Las elecciones en Río Negro y Neuquén mostraron, en primer lugar, una mirada netamente local, con las grandes coaliciones tratando de acomodarse a una lógica provincial. En un caso, triunfó el oficialismo de Alberto Weretilneck con acuerdos varios y en otro apareció la novedad: tras décadas, hay un cambio de signo político gracias a Rolando Figueroa.

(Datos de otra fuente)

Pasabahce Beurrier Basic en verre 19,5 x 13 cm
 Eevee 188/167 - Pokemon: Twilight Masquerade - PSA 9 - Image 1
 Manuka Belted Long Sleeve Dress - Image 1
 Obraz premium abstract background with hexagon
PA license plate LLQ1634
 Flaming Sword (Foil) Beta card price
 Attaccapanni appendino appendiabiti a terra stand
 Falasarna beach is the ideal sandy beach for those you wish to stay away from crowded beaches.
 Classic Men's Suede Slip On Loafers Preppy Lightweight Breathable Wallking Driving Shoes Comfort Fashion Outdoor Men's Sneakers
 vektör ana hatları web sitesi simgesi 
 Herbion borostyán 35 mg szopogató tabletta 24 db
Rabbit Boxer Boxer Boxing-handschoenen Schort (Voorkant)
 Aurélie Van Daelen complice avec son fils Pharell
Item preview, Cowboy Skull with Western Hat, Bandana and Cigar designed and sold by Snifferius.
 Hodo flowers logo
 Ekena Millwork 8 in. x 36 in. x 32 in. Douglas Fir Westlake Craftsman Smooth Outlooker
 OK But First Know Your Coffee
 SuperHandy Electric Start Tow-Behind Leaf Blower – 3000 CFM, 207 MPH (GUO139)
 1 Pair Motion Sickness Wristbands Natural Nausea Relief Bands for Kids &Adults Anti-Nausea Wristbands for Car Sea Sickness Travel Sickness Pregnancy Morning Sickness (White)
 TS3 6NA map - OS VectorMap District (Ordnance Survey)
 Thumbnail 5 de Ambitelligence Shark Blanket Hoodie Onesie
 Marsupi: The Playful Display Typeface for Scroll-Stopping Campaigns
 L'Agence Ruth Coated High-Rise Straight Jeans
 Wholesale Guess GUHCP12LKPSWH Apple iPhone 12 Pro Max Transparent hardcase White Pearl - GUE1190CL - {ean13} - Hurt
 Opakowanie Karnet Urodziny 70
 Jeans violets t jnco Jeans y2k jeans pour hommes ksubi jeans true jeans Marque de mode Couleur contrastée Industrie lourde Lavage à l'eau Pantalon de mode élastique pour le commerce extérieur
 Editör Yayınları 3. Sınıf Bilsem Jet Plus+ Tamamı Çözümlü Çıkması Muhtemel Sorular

Con una merma en la participación del padrón, 66% precisamente en comparación al 74% de 2019, Juntos Somos Río Negro revalidó credenciales con números menores a los esperados. Hay un motivo: el distitro aparece rodeados de reclamos de policías, docenets y personal de la salud por un costo de vida que se disparó y salarios que no logran hacerle frente a la situación.
Distintos operadores lamentaron el panorama y reconocieron que en el oficialismo terminó envuelto en ruido gracias al entendimiento que se alcanzó con La Cámpora y la UCR. Por lo cual, el futuro abre incógnitas importantes.
En relación a la Legislatura, la bancada del oficialismo mostrará 18 legisladores frente a los actuales 28. Sus socios tendrán siete: cinco de los peronistas (Nos Une Río Negro) y dos de radicales (UCR). Todos, con esos 25 votos, garantizarían mayoría simple del cuerpo de 46 miembros.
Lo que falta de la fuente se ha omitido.